It should be made very clear that there is currently no significant evidence for the acceleration of HIV disease in those individuals with HCV. Disease promotion appears to be a one-way street.(7) However, in those with severely compromised immune systems due to AIDS, cholestasis (obstruction of bile within the bile duct) appears to be a predominant clinical symptom of hepatitis.(8)

As of yet, there is no conclusive correlation between the level of HCV virus in the blood (viremia) and the severity of liver disease.(9) Nor have blood levels of ALT and AST (liver enzymes whose blood levels commonly serve as a marker of liver damage) proved to be an accurate predictor of liver disease in coinfected individuals. Although HCV PCR and liver enzymes (ALT and AST) may be used to monitor the progress of HCV infection, one's CD4 count and duration of infection with HCV are the strongest prognosticators of liver disease.


Similarities and Differences

HIV and HCV viruses reproduce in huge numbers. To maintain a steady viral load, HIV produces about 10 billion new particles each day and HCV produces 10 trillion each day. HCV and HIV operate quite differently in their method of infection, though. In HIV, the RNA-based viral genes are translated into DNA and integrated into the host cell's gene set. This makes infection of that cell irreversible. HCV, on the other hand, does not integrate into a liver cell's genome. Replication instead takes place within the cell's cytoplasm. This, in turn, may make HCV elimination a more likely possibility.(10) Both HIV and HCV have significant variance in their viral genes, producing a variety of genotypes called quasispecies. This genetic variability is a result of replication errors due to their lack of any correction, or "proofreading," capability. The rate of mutation is much faster in HIV than HCV and so is the evolution of quasispecies. The bad news is that as a result, among those infected with hepatitis C, the most frequent subtype in the United States (80%) is type 1a and 1b. In recent studies, type 1 has been associated with a more rapid progression to AIDS and death -- 2.8 times higher -- than other genotypes.(11) Type 1 has also been demonstrated to be less responsive to treatment with alpha interferon. These results were independent of other markers such as the individual's age and the stability of CD4 counts.(12, 13)


Immune Response

Aside from HCV-specific antibodies and natural virus inhibitors such as alpha interferon, HCV infection is under attack by the cytotoxic lymphocytes (CTLs, or killer CD8 cells), which eliminate infected liver cells. Individuals with prolonged HIV infection have reduced CTL responses to infection, probably due to the HIV-induced loss of the CD4 cells controlling these responses. The result is reduced destruction of virus-infected cells.(14, 15)

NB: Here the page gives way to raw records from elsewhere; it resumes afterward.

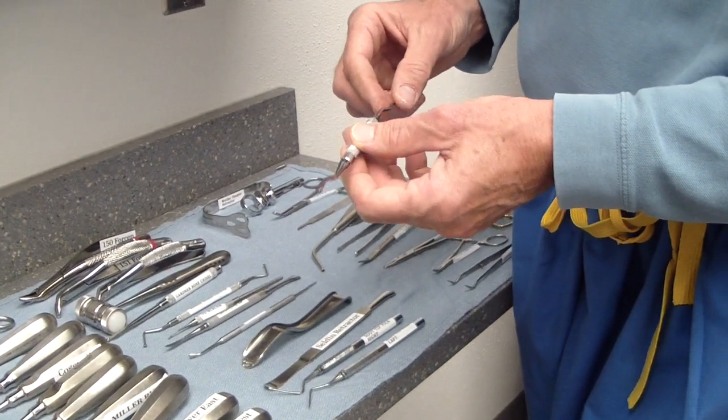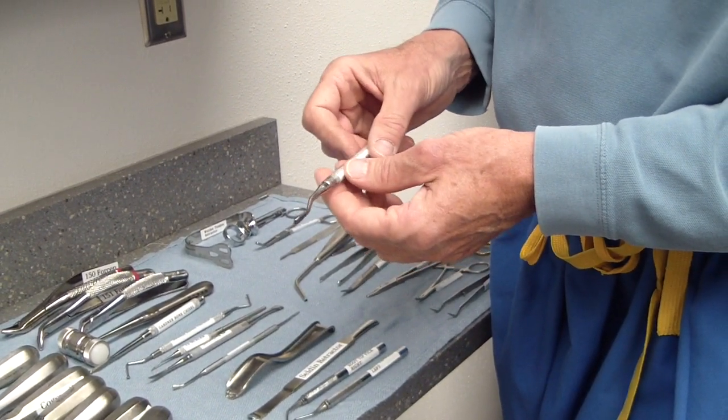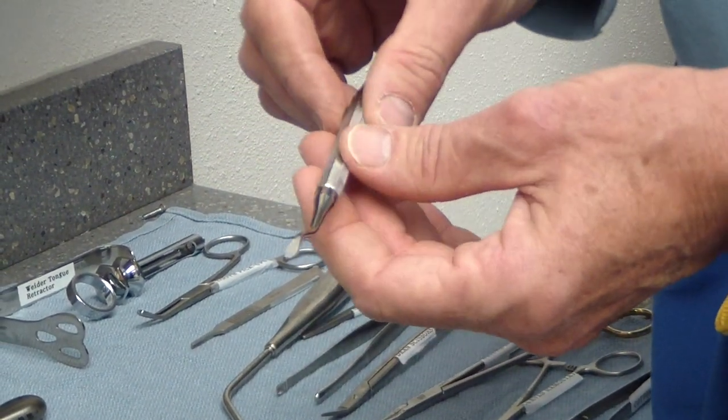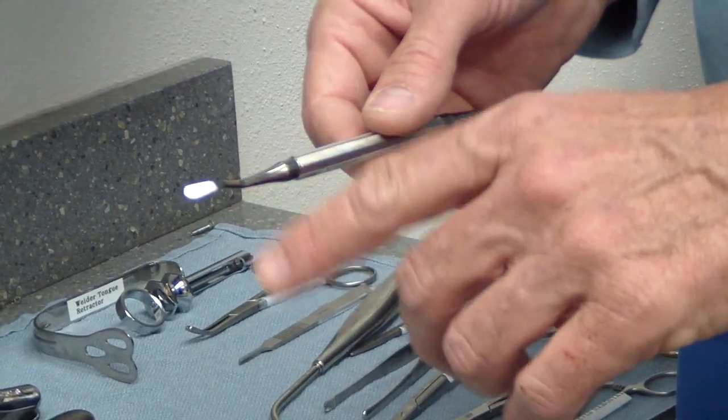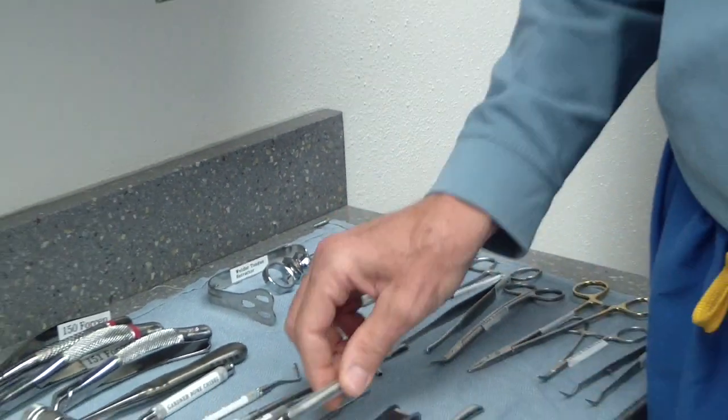Bone file. Any time I use the handpiece, I always follow up with a bone file to make sure there are no sharp edges. Also any time you have a periodontally involved ridge with irregular edges. I'll put the flap over and feel with my finger — if I feel sharp edges, I'll use the bone file to trim that down.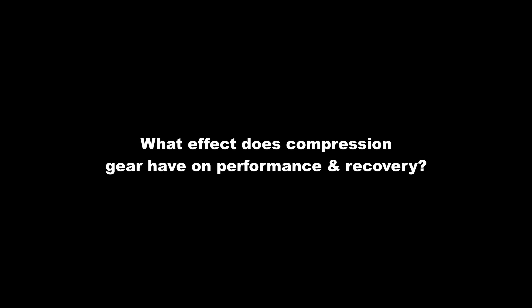In this video, I will attempt to answer the question: what effect does compression gear have on performance and recovery, and furthermore, as an athlete, what can I do to maximize that effect?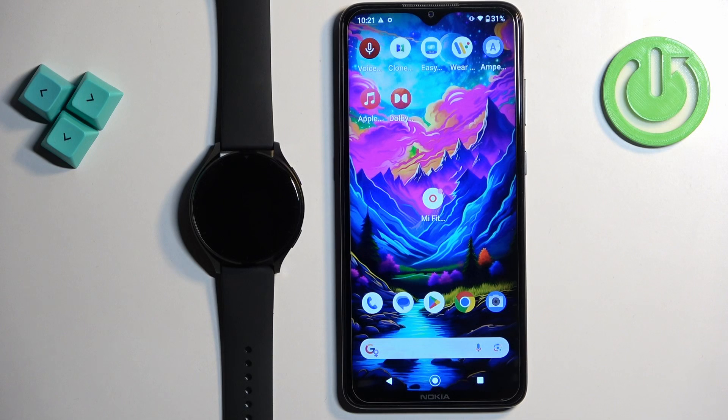Before we start, if you want to download additional watch faces on this watch you will need to do a couple of things. First, your watch needs to be paired with a phone via the Mi Fitness application.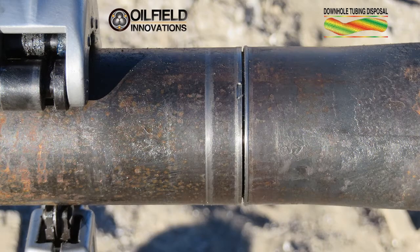As you see here, the plumber's cutter cleanly cut the L-80 2⅜-inch tubing. It took a lot of revolutions to make this cut, but required very little force.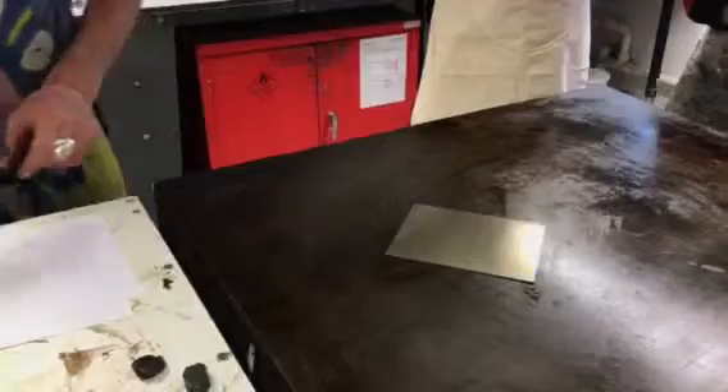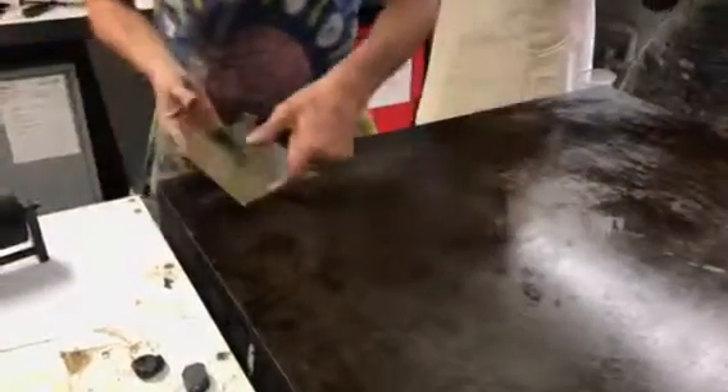The first thing you notice is that this plate is much lighter than the hard ground plate. Because it's got all that grease in, it's much more translucent.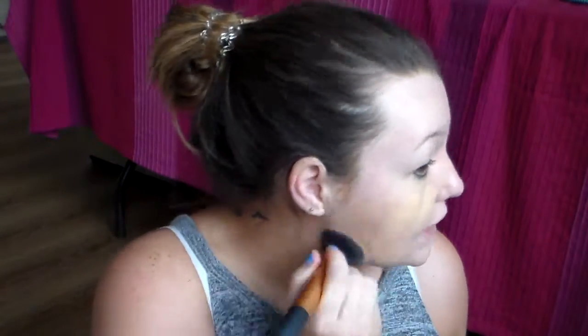Now I'm going to go in with the foundation using my Real Techniques buffing brush. First I'm going to mix this with a paddle brush and apply it to the face. I do have a fake tan on and I don't really have a foundation that matches it perfectly — although these do match, to be honest. I feel like the lighting on camera makes it look off but in person they match. When I'm fake-tanned I can pretty much wear the lightest shade of foundation available here in South Africa.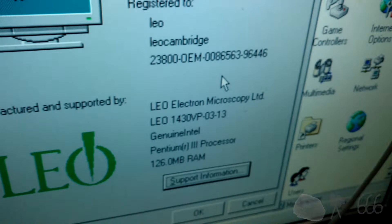Looks like they even installed an OEM info file, so this is the original install of Windows that was made when the scanning electron microscope would have been brand new from the factory.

Although a lower CD4 cell count correlates with higher HCV viral load, no significant association seems to exist between HCV RNA and CD8 cell counts.(16) HCV-specific CTL responses don't exert much control over chronic HCV infection. In HIV on the other hand, persons with preserved, stable CTL activity are often long-term non-progressors. Patients with higher CD4 cell counts and lower HIV levels are more likely to obtain the greatest benefits from treatment with interferon against HCV. Response to treatment for HCV in those individuals coinfected with HIV was similar to those with HCV alone as long as they were not severely immunosuppresed or suffering advanced fibrosis or cirrhosis.(17)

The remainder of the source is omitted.